Data for the task
---+---

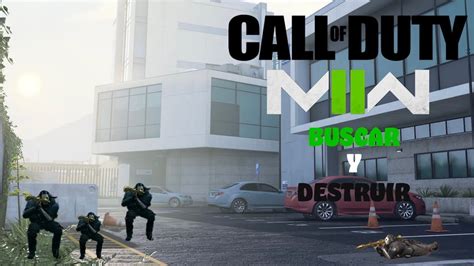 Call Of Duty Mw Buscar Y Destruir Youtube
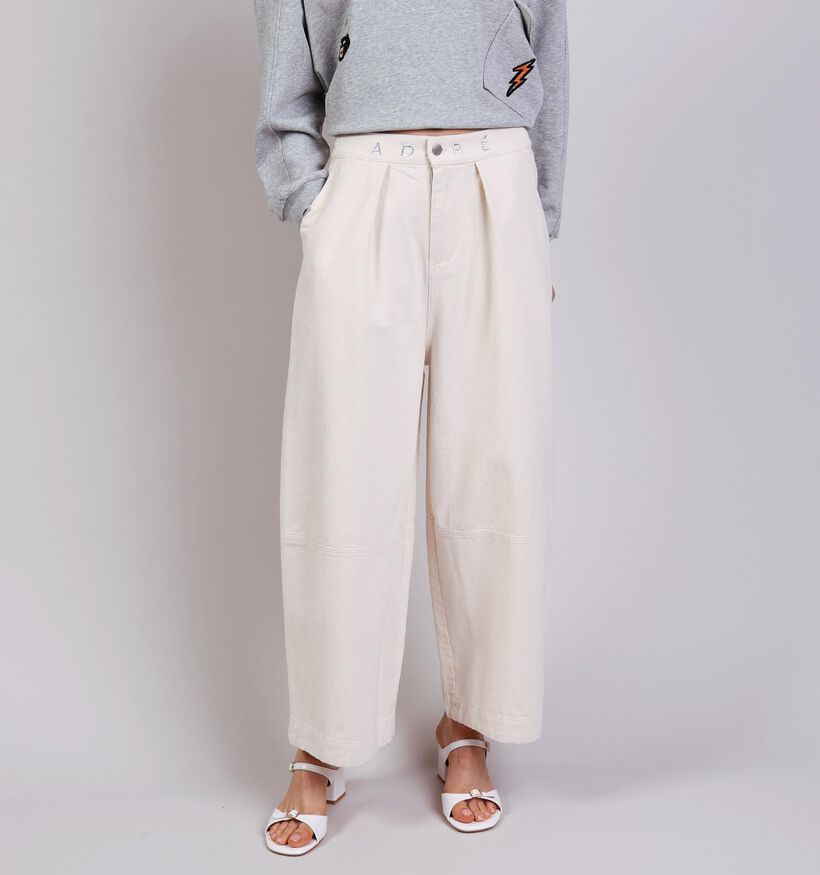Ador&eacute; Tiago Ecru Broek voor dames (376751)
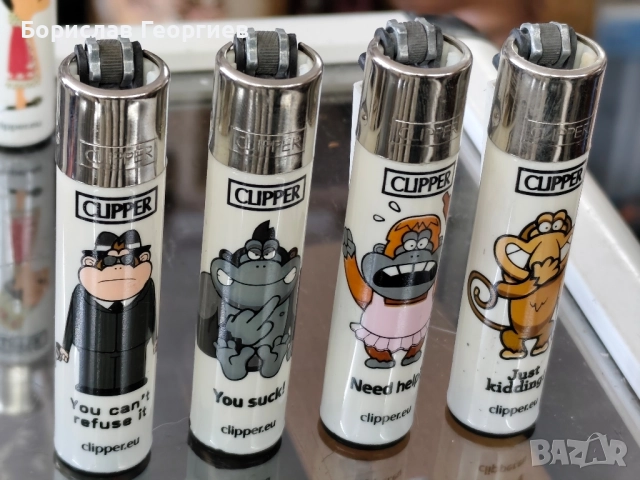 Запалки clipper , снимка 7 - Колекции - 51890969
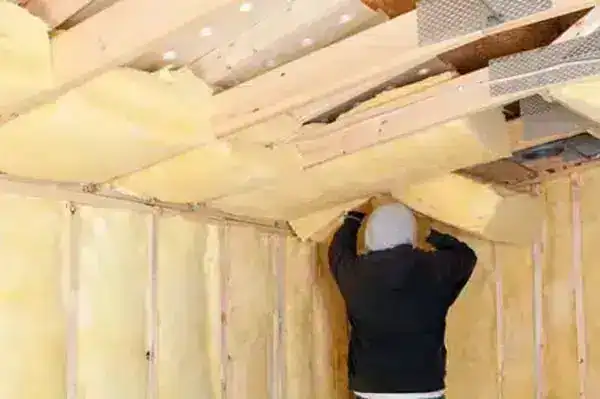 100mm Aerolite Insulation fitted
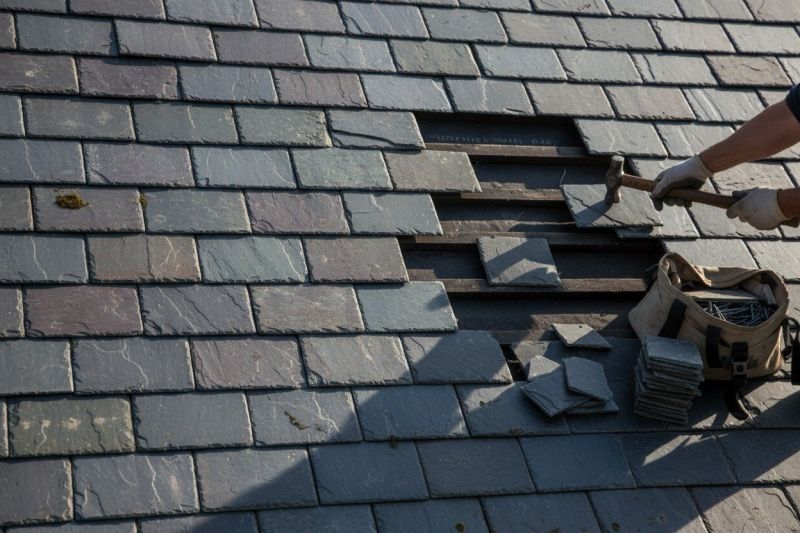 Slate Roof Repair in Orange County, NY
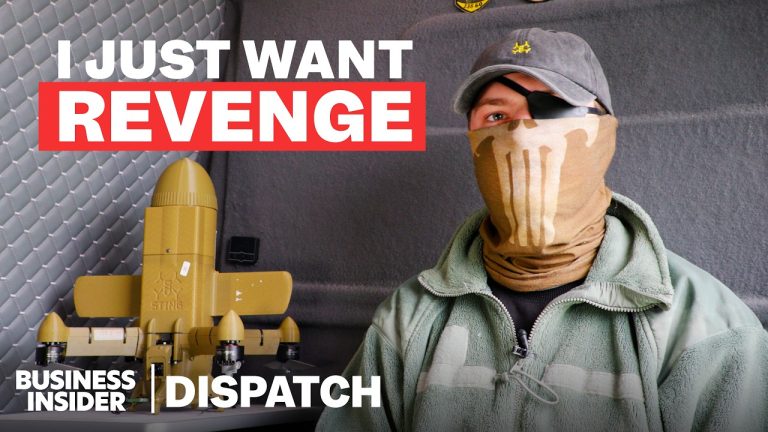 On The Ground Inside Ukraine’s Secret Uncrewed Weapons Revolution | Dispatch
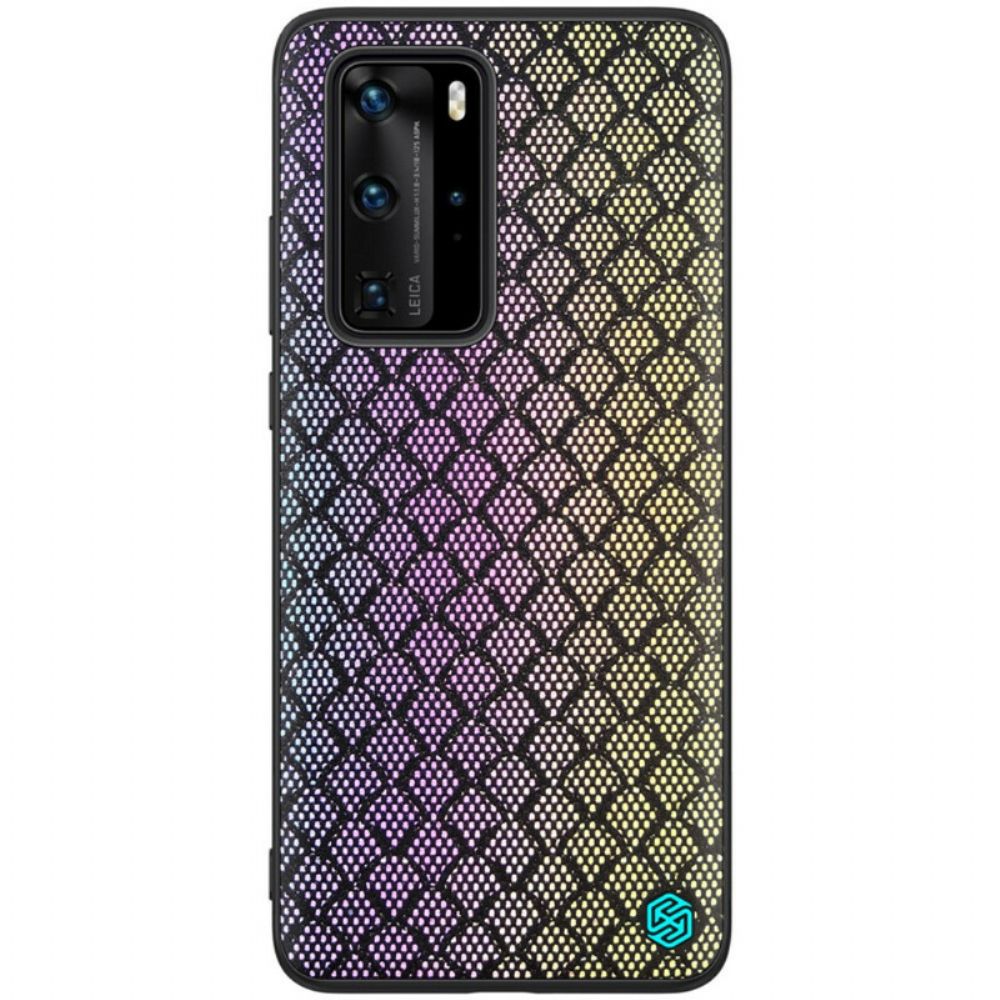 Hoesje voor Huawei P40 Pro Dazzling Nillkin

---+---

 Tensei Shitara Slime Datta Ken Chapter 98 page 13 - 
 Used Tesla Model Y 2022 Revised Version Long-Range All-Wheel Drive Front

---+---

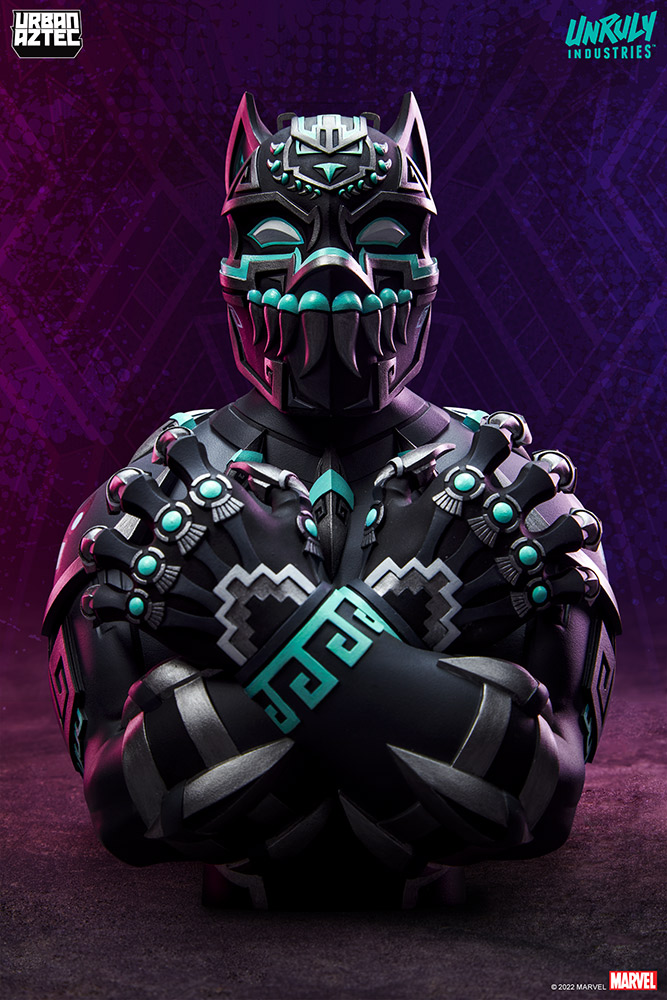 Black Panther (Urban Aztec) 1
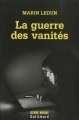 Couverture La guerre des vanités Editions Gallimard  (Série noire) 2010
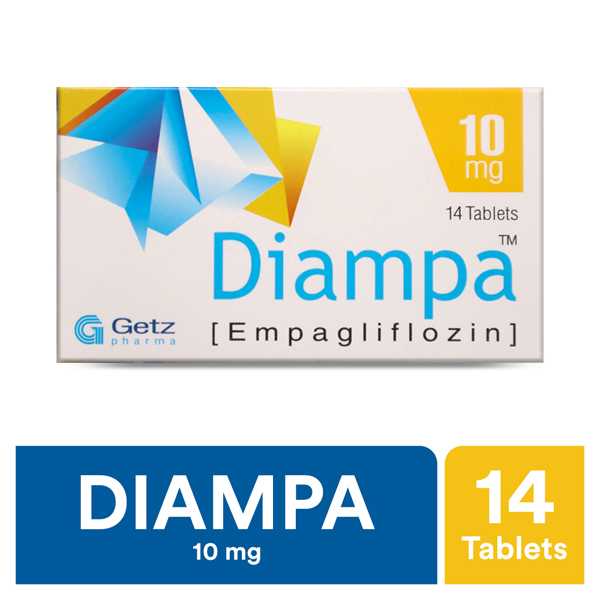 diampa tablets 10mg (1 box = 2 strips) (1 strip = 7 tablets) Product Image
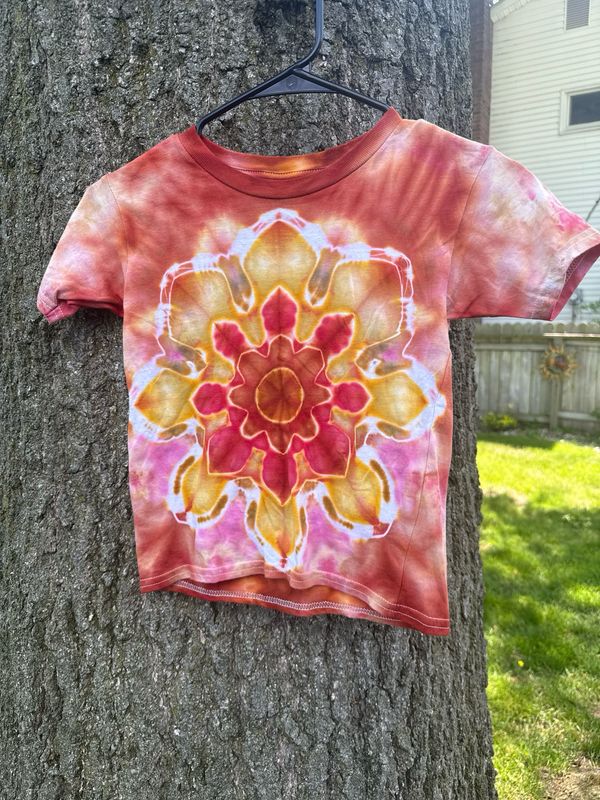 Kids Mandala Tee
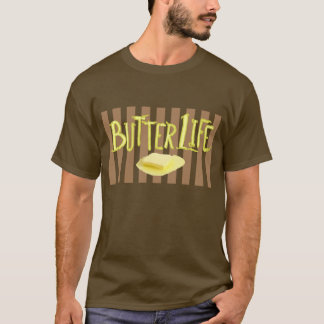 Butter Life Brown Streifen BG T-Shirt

---+---

Instructions to follow
In the records above, find the line with "On The Ground". Print exactly from there through the line with "Hoesje voor Huawei P40 Pro Dazzling Nillkin", minus the pictures.

Response
 On The Ground Inside Ukraine’s Secret Uncrewed Weapons Revolution | Dispatch
 Hoesje voor Huawei P40 Pro Dazzling Nillkin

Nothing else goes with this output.